For the past two weeks, I had fake red hair (that has since returned to it’s brown state), and I ate all the ice cream and nachos on non-ice-cream-and-nacho-approved days, and I cried all the tears, and rapid-fire texted my friends long, sad soliloquies (sorry, guys), and consumed so many Hot Tamales that I earnestly asked my sister-in-law the question, “How many Hot Tamales can you eat, but not die?”
Here is a gif that represents how I’ve been handling the world for a full fortnight.
Fortunately, I write to you here on the other side of the land of sadness and cinnamon candies. The vegetable eating, well-rested, still texting too much side. I actually sent a draft of this post to Brandon when I was still somewhat stuck in nacho misery, and he said, “Maybe shelf this one for a little bit until you feel better…and please don’t eat any Hot Tamales today…I’m starting to worry about you.”
He’s a wise friend.
The biggest thing behind the hair dye and the weeping and the many tamales (the single greatest candy the world has ever known) was that I zeroed in on suffering and took my eyes off my hope. Or, rather, my hope seemed like a distant, far away thing that was hard to reach. Kind of like when the Kroger by my house runs out of Hot Tamales, and I have to make an extra stop at Walgreens.

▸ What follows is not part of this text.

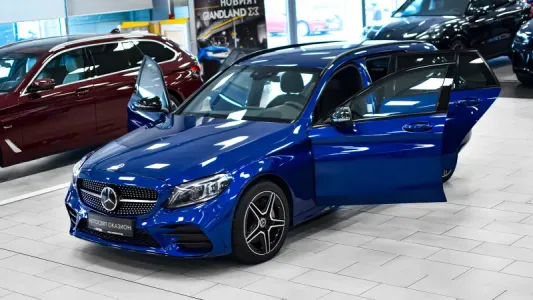 Mercedes-Benz C 300 d T AMG Line 4MATIC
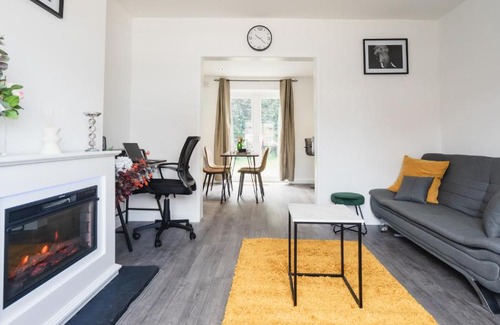 Preston House | Comfy Spacious Home Near Preston City Centre - Sleeps 6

So, I’m on this adoption adventure right now, which all began when God put orphans on my radar, and I entered this new world. The adoption world – with it’s own lingo and acronyms and questions. For the first few months of the journey, I was full of Jesus joy and I was moved to action as God “broke my heart for what breaks His,” as they say in Christian songs. Then, the closer I got to the suffering, the more it consumed me. And suddenly, I found myself knee deep in Hot Tamales, tears, and files about children with no mommies and daddies.
For a little while, I spent more time crying and scrolling through child advocacy pages than I did spending time with the God who loves me and all the orphans in the world – the God who made each child and hears each little cry they make and acknowledges each birthday they live through without earthly parents to celebrate with them.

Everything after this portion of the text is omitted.